捨てられ仮面令嬢の純真
マティアスだって異国人にマルロワ国内で好き勝手させる気はない。
「いえいえ。ほんの少しヒントを与えるだけの予定でして」
ギードの態度はうやうやしいが、言葉の内容は不遜だった。
「貴族にも庶民にも、不満を持たれるような噂を広めまして。できれば王都から兵の主力が離れているようなタイミングで小さな火種を撒こうかと。暴動につながるようなやつです」
「暴動はよくない。民に被害が出るような騒ぎは許容できんぞ」
「足もとで起こる騒ぎにも対処できない無能っぷりをさらけ出してもらいませんとねえ。そこであなたさまが辣腕をふるい、事をおさめる。それで人望が集約できますし」
「ふむ……」
「庶民ってのは『あいつらが儲けているせいで自分が貧しい』という話に踊らされるんで。マルロワの貴族や商人に被害が出るのがまずければ、矛先はビルウェンの大商人なんかはどうです?」
にこやかに同国人を売るギードにマティアスは片眉を上げた。たしかにビルウェン商人の大倉庫が王都にあるが。
「……それは、おまえの商売敵なのか」
「まあ、そんなところで」
ふふん、とギードは食えない笑みだ。この暗躍でギードにだって利があるのは当然のこと。でなきゃ危ない橋は渡らないのだ。
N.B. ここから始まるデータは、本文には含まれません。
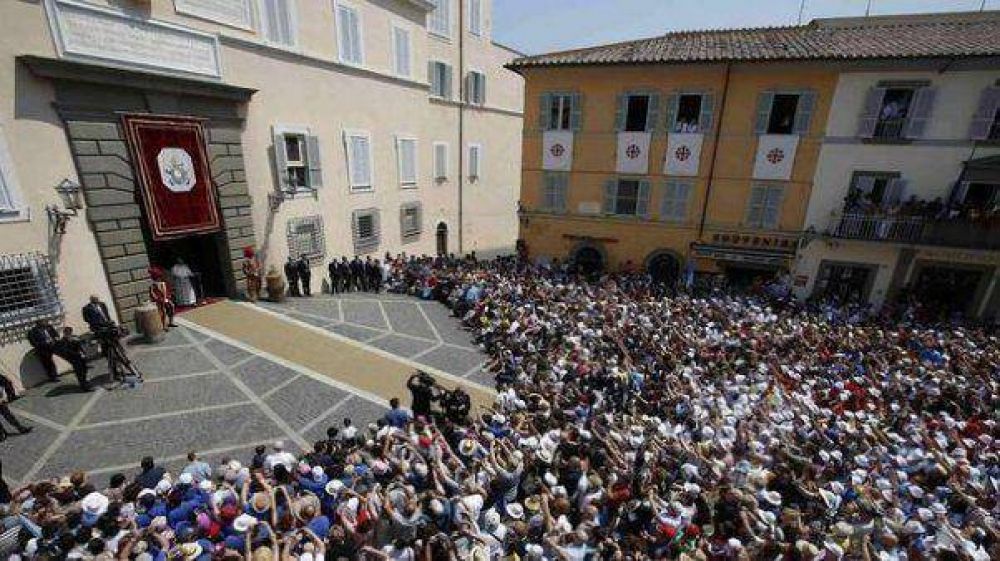 El Papa rez� su primer �ngelus desde Castel Gandolfo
そらにそんな裏がなければ相手も陰謀に乗ってはくれない。正義なんてものは人によって変わるが、金の価値はほとんどの人間が認めるものだから。
「ただし、最初の襲撃からすぐに事態を鎮圧して下さいよ。他国の商人にまで被害を広げては賠償問題ですからな」
「――ビルウェンは何を求めるつもりだ」
マティアスの舌は鋭かった。ギード個人の利害はともかく、ビルウェン王国としての報酬も要求されなくてはおかしい。そこを曖昧にしておいては何も始められないのだ。ギードはニヤリと笑って口を開いた。